Bello il tema proposto in ambito tecnico-scientifico su “La responsabilità della scienza e della tecnologia” con citazioni di Jonas (“Agisci in modo che le conseguenze della tua azione siano compatibili con la permanenza di un’autentica vita umana sulla terra”), Primo Levi, (“Non nasconderti dietro l’ipocrisia della scienza neutrale: sei abbastanza dotto da saper valutare se dall’uovo che stai covando sguscerà una colomba o un cobra o una chimera o magari nulla”), Sciascia, Hack: si tratta di un discorso molto dibattuto a scuola e su cui diverse riflessioni sono avviate, effettivamente alla portata di molti studenti e molto fattibile per studenti del liceo scientifico o di istituti tecnici e professionali.
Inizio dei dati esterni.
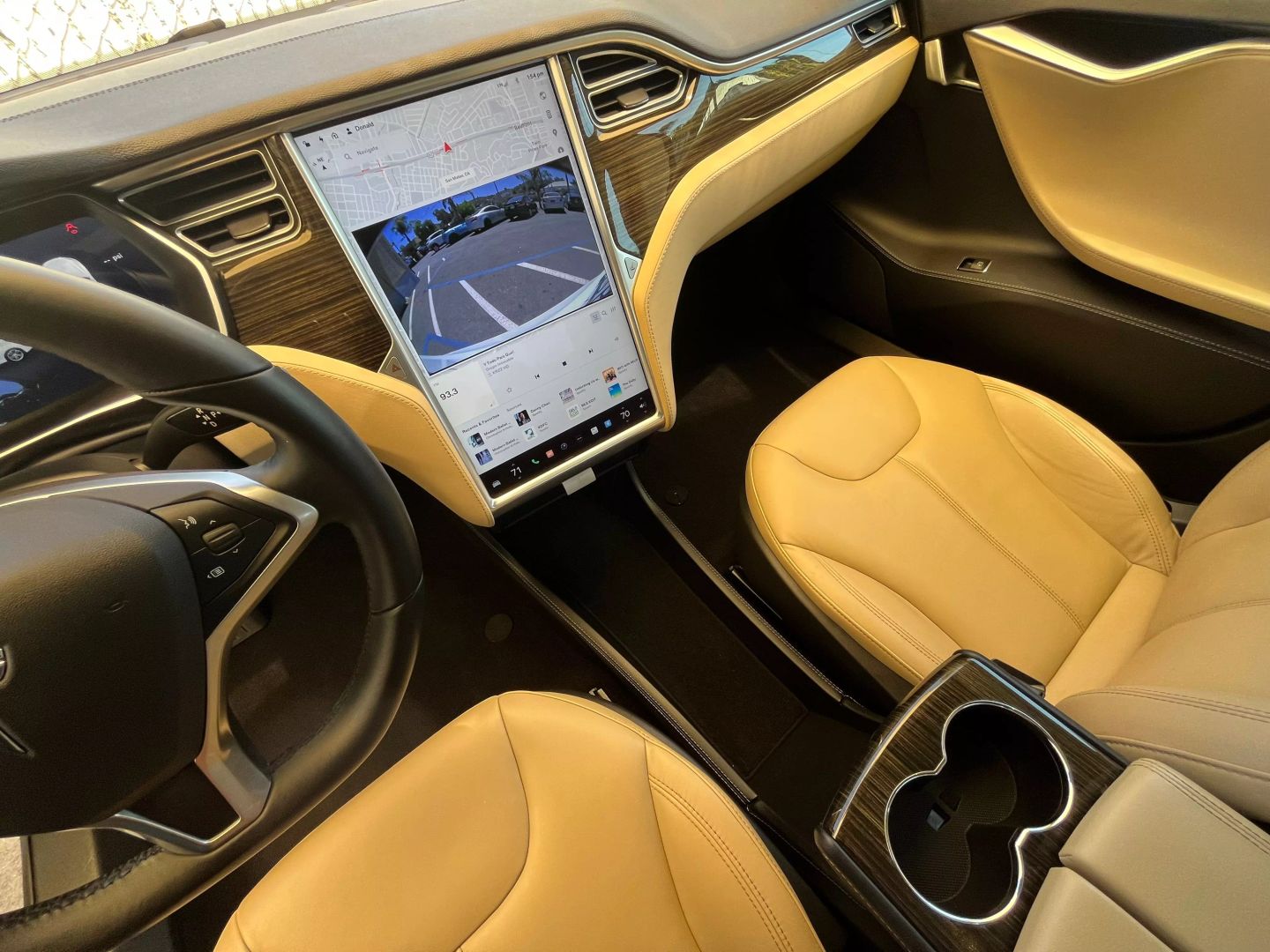 2014 Tesla Model S  Vin: 5yjsa1s11efp57144 Stock Id: P57144 - Image 22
Un analogo discorso vale per il tema storico incentrato sulla Shoah a partire da un brano tratto da La banalità del male di Hannah Arendt, nello specifico incentrato sulla meschinità morale di Eichmann e del suo contegno durante la Conferenza del Wannsee, da lui vissuto come momento di ascesa sociale al cospetto dell’establishment nazista. Arendt, quantomeno su questo tema, è da tempo oggetto di riflessione nelle scuole, in particolare in occasione del Giorno della memoria, anche solo in funzione civica; dispiace appunto che sia meno nota la sua produzione filosofica in senso più ampio, ma poiché il programma di storia si ferma al secondo dopoguerra e tutti i discorsi di educazione civica assegnano un ruolo centrale alla storia della deportazione e dei campi di concentramento è ragionevole pensare che molti studenti abbiano gli strumenti storici e filosofici per fare un buon lavoro.
Infine il tema di ordine generale, solitamente passe-partout e ultima spiaggia, risulta insolitamente poetico e icasticamente riassuntivo di una serie di tracce che portano il segno dell’oggi e della difficoltà di stare in questo tempo: “Avevo vent’anni. Non permetterò a nessuno di dire che questa è la più bella età della vita” (Paul Nizan, Aden Arabia, 1931). La citazione del poco noto e bistrattato Nizan, che tutti ricordano in subordine a Sartre, invita a sviluppare un discorso sul dolore di crescere e di trasformarsi che vale per tutti e in ogni tempo.
Questa sera alla cena della 5° C 1991-92, metterò la mia camicia migliore.